_WORK INSTRUCTIONS_: Give the data again exactly, from its opening line through the line in which "Alt view image" appears.
(THE INPUT begins)
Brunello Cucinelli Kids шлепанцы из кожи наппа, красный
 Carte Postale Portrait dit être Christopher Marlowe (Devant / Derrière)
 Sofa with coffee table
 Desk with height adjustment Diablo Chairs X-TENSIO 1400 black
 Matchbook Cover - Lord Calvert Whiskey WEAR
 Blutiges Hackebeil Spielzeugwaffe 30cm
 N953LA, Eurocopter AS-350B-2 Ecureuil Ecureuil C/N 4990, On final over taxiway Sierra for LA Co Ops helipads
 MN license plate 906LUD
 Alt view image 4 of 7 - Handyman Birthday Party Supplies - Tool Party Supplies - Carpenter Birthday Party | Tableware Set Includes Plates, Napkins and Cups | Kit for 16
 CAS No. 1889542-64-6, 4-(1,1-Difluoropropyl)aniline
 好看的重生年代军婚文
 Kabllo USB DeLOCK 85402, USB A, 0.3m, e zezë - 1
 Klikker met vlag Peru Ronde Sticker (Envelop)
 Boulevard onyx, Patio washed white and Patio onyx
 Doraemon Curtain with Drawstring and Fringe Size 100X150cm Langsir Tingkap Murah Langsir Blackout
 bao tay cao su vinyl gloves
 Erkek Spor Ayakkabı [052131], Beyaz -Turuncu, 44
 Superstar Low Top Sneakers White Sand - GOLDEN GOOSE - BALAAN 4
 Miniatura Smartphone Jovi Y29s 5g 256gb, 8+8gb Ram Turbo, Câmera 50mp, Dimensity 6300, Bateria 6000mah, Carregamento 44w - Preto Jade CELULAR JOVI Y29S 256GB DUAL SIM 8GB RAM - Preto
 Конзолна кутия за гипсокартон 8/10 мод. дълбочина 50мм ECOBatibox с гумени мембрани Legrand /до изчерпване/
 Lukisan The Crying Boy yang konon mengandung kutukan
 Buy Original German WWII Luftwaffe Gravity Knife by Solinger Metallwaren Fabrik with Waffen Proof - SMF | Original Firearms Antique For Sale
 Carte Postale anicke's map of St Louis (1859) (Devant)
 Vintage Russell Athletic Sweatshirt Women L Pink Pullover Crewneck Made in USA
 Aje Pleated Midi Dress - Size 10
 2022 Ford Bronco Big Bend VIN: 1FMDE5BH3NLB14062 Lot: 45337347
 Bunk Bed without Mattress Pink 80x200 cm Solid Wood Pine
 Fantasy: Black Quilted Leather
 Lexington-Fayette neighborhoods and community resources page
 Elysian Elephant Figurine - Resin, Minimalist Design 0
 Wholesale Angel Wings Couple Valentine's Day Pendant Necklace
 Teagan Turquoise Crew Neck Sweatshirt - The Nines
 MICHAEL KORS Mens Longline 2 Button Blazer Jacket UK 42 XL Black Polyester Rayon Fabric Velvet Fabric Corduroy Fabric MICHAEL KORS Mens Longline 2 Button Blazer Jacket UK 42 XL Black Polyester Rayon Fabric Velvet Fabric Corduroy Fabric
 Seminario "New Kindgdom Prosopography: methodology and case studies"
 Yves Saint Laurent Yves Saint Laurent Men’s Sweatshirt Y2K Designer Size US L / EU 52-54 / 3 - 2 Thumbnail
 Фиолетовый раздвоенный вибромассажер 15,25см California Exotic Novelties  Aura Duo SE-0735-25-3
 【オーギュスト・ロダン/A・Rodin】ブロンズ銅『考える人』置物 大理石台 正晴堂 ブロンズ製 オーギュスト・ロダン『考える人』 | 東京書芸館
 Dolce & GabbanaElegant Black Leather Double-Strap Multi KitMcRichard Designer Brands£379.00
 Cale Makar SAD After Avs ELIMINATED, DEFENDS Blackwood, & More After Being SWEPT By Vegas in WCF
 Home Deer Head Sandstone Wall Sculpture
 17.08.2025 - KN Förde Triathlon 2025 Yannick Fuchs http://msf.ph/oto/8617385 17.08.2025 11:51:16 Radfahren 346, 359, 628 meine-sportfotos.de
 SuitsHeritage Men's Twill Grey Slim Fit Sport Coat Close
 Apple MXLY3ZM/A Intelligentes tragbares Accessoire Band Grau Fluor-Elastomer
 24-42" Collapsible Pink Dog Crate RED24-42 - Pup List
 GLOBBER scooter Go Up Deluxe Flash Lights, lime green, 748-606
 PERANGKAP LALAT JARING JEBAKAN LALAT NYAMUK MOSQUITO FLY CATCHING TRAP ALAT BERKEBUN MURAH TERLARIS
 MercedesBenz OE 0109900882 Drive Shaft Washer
(THE INPUT ends)
_WRITTEN REPLY_:
Brunello Cucinelli Kids шлепанцы из кожи наппа, красный
 Carte Postale Portrait dit être Christopher Marlowe (Devant / Derrière)
 Sofa with coffee table
 Desk with height adjustment Diablo Chairs X-TENSIO 1400 black
 Matchbook Cover - Lord Calvert Whiskey WEAR
 Blutiges Hackebeil Spielzeugwaffe 30cm
 N953LA, Eurocopter AS-350B-2 Ecureuil Ecureuil C/N 4990, On final over taxiway Sierra for LA Co Ops helipads
 MN license plate 906LUD
 Alt view image 4 of 7 - Handyman Birthday Party Supplies - Tool Party Supplies - Carpenter Birthday Party | Tableware Set Includes Plates, Napkins and Cups | Kit for 16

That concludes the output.